* _GIVEN MATERIAL_:
________________________
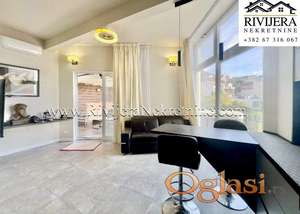 Na prodaju moderan jednosoban stan sa velikom terasom Tivat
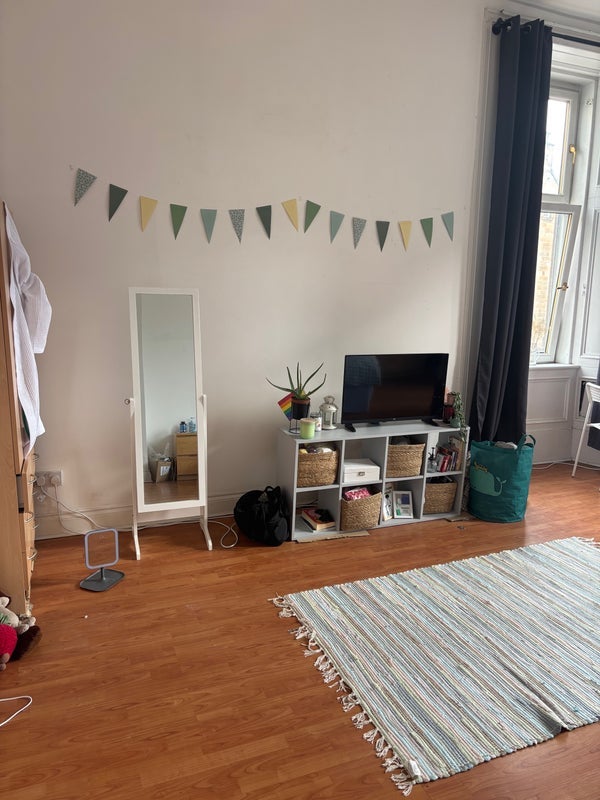 Room Derby Terrace Lane in Glasgow
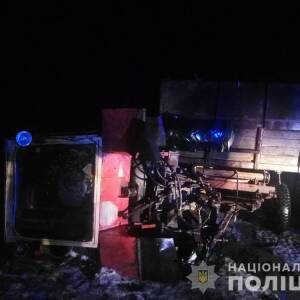 В Запорожской области в поле перевернулся трактор: есть жертвы. Фото - reporter-ua.com - Запорожская обл. - Бердянск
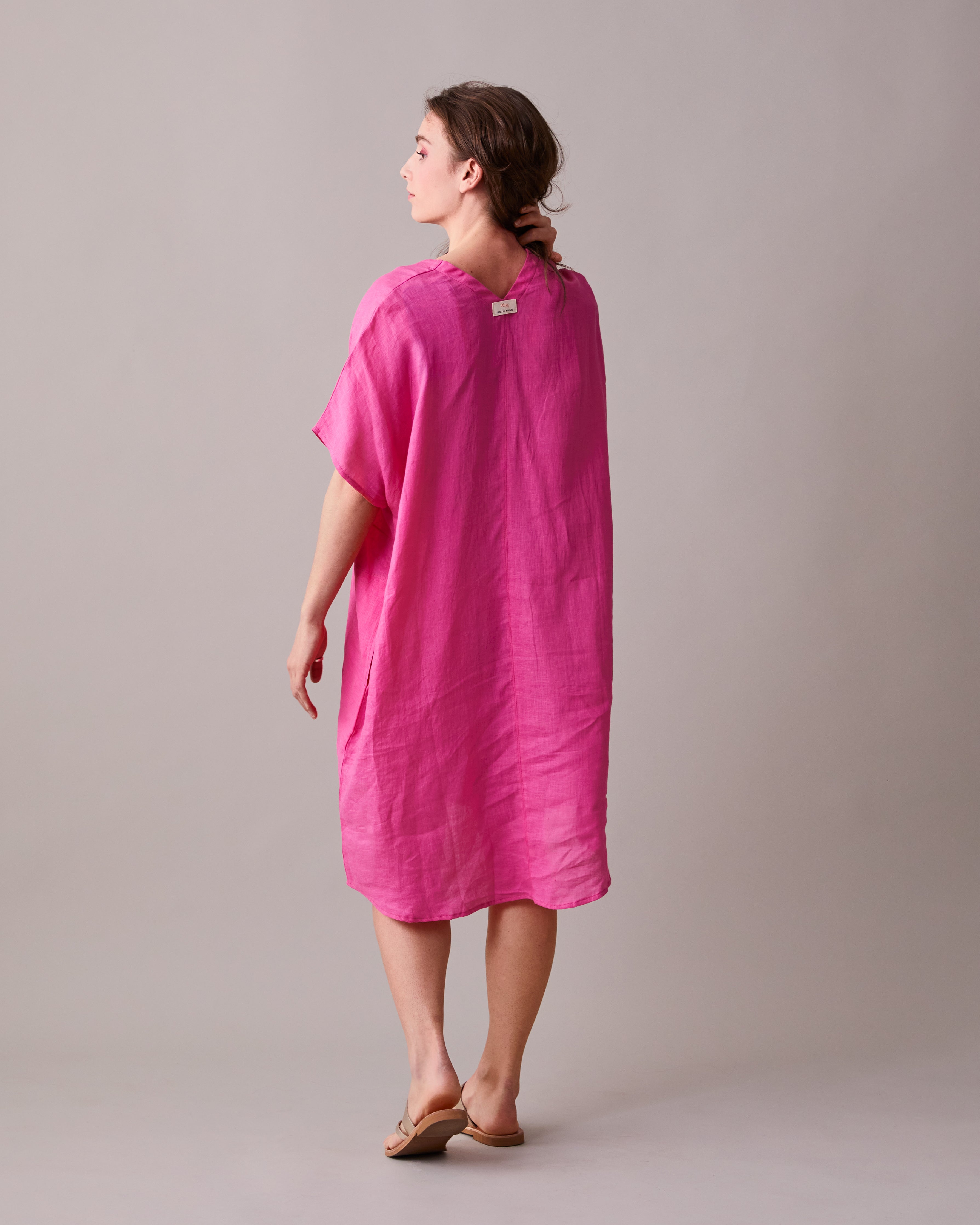 Linen Dress – V-necked  – Peony pink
________________________
Final stretch of the data: repeat exactly each line from the one containing "В Запорожской области" through the last, and omit all pictures.

* _TASK OUTPUT_:
 В Запорожской области в поле перевернулся трактор: есть жертвы. Фото - reporter-ua.com - Запорожская обл. - Бердянск
 Linen Dress – V-necked  – Peony pink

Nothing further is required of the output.